◆ **Given records**:
# # # # # # #
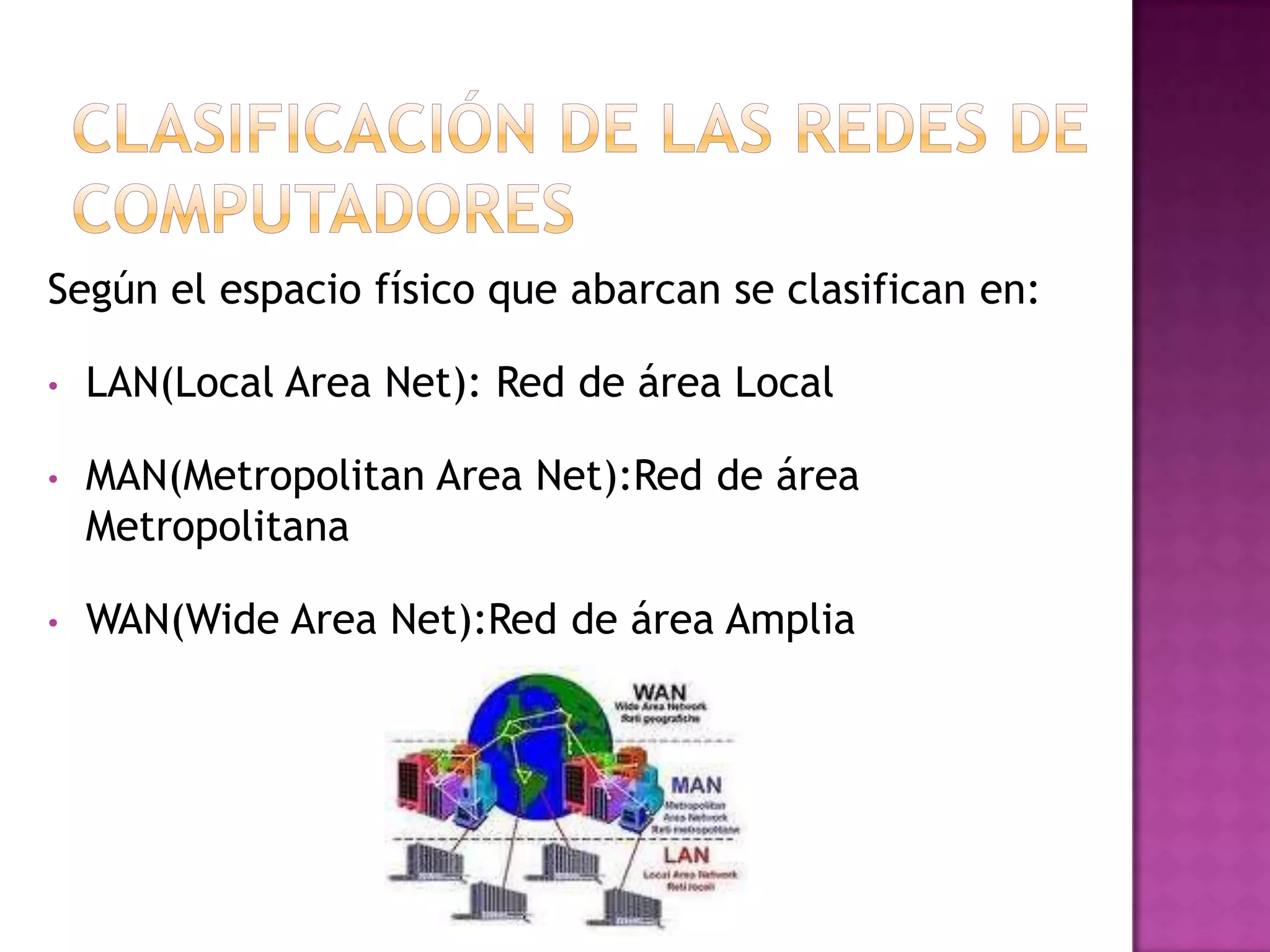 Según el espacio físico que abarcan se clasifican en:
•

LAN(Local Area Net): Red de área Local

•

MAN(Metropolitan Area Net):Red de área
Metropolitana

•

WAN(Wide Area Net):Red de área Amplia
# # # # # # #
◆ **Task**:
Nothing but an exact copy of the data above, minus its pictures, should appear in the response.

◆ **Answer section**:
 Según el espacio físico que abarcan se clasifican en:
•

LAN(Local Area Net): Red de área Local

•

MAN(Metropolitan Area Net):Red de área
Metropolitana

•

WAN(Wide Area Net):Red de área Amplia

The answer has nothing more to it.